At high tide, these ocean caves suck salt water in. Our dives were carefully timed with slack water to avoid being unable to enter against the flow — or worse, unable to exit. Each entrance gave up about 300 feet of divable tunnel before splintering into tunnels too small for a diver to pass through.

Although we thought the furious flow would have carved out huge tunnels, it seemed the soft limestone was working against us again. Pushed by the tide, the water started in medium-size entrances, splitting into smaller tunnels and then permeating through the bedrock. Diving the ocean caves added to our knowledge of the island’s geology, but they weren’t going to easily give up the miles-long connection we were hoping for.

Through a Caver’s Lens

Cave-diving photography is difficult — here’s how Liz Rogers got her images

Caves are dark, dive times are limited and you can’t let yourself be distracted by the camera. The soft limestone in Timor added to the difficulties. Every exhalation meant bubbles hitting the roof and an explosion of silt into the water. Instead of turning to take photos of my buddies behind me, I was turning to see an expanding milky cloud.

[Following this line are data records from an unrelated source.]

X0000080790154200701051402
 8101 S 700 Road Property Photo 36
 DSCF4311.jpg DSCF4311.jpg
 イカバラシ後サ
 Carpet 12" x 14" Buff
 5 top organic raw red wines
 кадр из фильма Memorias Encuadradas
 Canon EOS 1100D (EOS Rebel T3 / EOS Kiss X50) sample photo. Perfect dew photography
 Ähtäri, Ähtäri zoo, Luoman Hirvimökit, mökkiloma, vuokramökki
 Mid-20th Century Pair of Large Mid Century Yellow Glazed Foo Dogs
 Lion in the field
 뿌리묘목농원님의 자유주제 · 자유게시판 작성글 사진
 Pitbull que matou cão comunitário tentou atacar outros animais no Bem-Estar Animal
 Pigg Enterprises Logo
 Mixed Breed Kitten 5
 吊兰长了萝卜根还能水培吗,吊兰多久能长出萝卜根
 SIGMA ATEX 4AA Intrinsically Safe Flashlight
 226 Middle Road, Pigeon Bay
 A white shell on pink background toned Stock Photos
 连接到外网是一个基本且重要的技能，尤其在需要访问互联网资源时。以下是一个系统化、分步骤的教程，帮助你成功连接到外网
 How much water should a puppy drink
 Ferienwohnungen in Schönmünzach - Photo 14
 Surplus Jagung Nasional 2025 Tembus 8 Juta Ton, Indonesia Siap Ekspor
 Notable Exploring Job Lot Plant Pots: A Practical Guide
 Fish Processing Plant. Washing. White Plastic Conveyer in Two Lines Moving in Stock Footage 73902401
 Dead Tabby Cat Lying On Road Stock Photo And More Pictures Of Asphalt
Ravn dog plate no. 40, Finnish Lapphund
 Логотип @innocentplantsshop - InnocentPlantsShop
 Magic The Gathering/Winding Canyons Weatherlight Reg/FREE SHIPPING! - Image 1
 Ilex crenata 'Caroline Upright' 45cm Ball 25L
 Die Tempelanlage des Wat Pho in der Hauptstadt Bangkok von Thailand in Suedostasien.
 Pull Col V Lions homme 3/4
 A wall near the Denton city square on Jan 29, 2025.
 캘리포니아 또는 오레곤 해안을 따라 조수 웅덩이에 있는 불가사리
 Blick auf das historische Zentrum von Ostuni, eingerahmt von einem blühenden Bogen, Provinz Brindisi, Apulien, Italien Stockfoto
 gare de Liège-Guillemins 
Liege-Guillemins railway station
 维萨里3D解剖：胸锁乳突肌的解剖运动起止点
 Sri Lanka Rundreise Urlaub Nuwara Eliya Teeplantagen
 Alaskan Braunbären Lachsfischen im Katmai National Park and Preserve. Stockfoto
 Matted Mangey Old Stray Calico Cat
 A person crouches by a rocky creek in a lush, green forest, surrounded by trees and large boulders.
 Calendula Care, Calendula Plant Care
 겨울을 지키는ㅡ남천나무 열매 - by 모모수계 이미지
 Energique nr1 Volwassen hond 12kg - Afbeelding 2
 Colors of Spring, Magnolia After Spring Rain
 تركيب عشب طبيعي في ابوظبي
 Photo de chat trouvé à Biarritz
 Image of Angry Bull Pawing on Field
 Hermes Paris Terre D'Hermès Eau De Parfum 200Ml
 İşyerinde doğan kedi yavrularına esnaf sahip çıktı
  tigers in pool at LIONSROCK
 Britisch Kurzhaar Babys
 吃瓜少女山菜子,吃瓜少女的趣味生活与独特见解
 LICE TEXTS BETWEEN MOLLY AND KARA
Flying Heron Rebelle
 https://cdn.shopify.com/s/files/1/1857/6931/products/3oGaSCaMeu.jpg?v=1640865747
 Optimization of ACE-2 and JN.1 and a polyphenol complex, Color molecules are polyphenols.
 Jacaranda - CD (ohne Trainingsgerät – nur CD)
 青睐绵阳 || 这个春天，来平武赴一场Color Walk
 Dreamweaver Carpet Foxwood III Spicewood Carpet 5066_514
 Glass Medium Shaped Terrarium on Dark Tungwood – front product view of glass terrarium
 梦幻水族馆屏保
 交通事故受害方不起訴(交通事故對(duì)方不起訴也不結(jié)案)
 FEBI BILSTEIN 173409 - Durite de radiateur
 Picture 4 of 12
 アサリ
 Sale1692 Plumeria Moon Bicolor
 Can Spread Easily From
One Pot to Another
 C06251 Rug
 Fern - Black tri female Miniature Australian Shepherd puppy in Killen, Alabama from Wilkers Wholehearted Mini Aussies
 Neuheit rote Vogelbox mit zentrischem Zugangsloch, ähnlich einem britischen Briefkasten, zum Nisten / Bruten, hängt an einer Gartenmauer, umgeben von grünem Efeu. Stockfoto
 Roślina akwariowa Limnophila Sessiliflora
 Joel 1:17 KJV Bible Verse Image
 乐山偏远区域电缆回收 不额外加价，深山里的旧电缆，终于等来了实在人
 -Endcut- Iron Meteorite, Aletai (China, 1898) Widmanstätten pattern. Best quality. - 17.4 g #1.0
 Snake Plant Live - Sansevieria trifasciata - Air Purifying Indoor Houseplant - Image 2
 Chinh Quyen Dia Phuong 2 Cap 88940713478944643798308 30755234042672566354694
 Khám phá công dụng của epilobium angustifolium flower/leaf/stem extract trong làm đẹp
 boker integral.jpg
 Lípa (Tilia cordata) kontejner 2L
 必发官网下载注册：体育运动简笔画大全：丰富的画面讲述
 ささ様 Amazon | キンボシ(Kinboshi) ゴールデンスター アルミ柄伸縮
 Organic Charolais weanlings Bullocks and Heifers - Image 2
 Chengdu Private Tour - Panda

My camera is a large DSLR, a Canon 5D Mark II in an aluminium housing so it can withstand the bumps and scratches of the cave environment. More important than the camera is the lighting: I also have two Inon Z-240 strobes on the camera, and an additional four strobes that I attach to my dive buddies. Pointing backward into the cave and triggered by the oncamera strobes flashing, the additional lighting adds depth and perspective.

The only way to catch images of divers through clear water is to swim ahead, hugging one wall of the tunnel. Once I am 30 feet ahead, I turn and swim back down the middle of the passage as my buddies swim toward me. If you look closely, you can see the trail of silt from my swim on the side of each picture.